Regulatory holidays all WACC'd out?

How can national regulatory authorities (NRAs) promote investment in next generation access networks (NGAs) ?  It’s a common question, to which some would reply that “not interfering” would be an appropriate answer.  In other words, let those who are willing to risk investment in these uncertain times exploit their investment unregulated by NRAs – let them have a “regulatory holiday” (see, for example, the explanation from our friends at Ofcomwatch).

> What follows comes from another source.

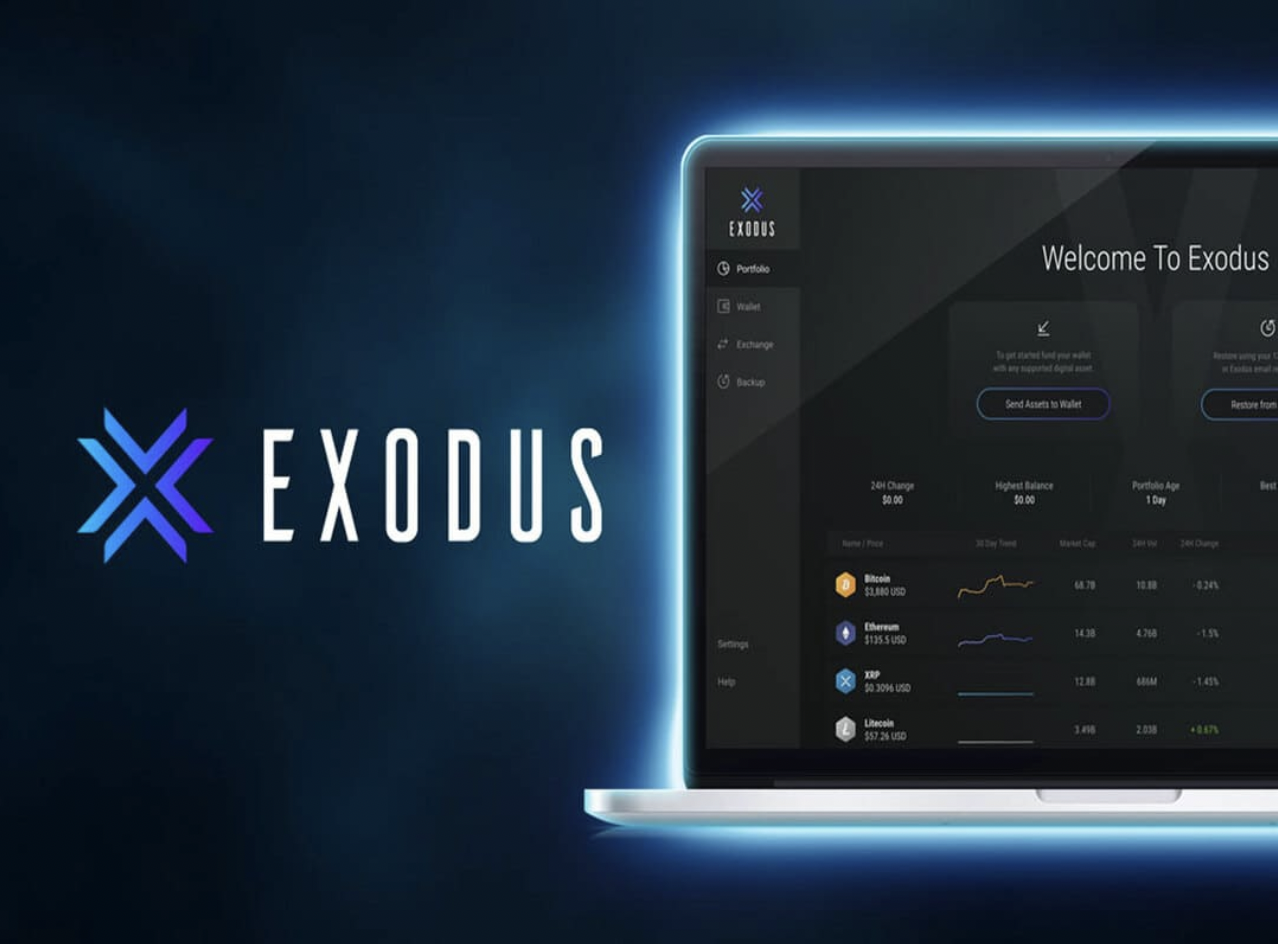 Exodus as one of the best self-custody wallets for 2023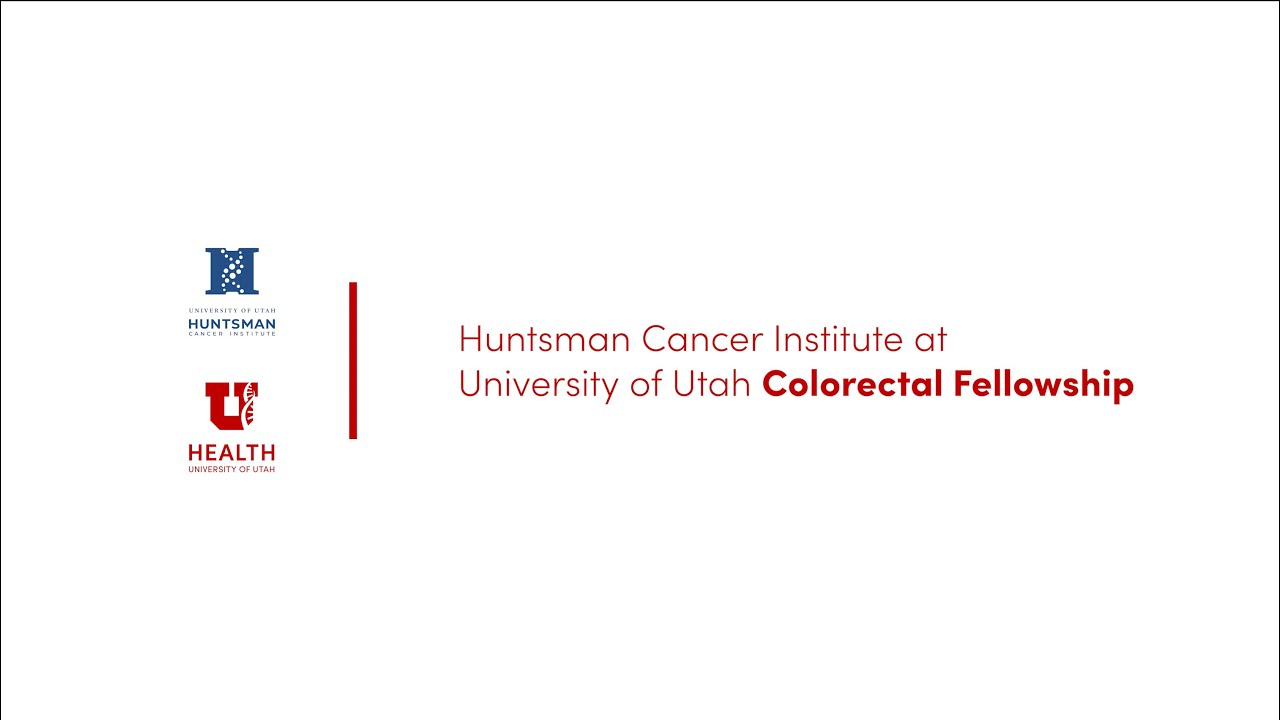 University of Utah Health - Colorectal Fellowship 2026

In previous blogs we have suggested that we think regulatory holidays are a bad idea.  We cannot see that regulation and investment are mutually incompatible.  We believe that it is highly likely that investment in NGAs will introduce new economic bottlenecks. Where an NGA is deployed, no effective and sustainable infrastructure competition will be possible in the short or medium term.  NRAs will therefore find that there will be at least some form of dominance in wholesale access to super-fast broadband.  The remedy for the dominance will be the requirement to provide access at a cost-orientated price, with an allowable regulated mark-up, the old favourite Weighted Average Cost of Capital.

We consider that those who protest that investment is impossible in super-fast broadband should explain to simple regulatory lawyers such as ourselves what is wrong with the old model of wholesale access at cost + WACC?  Doesn’t WACC include an assessment of risk? (See, for example, Ofcom’s statement on its approach to risk in the assessment of the cost of capital).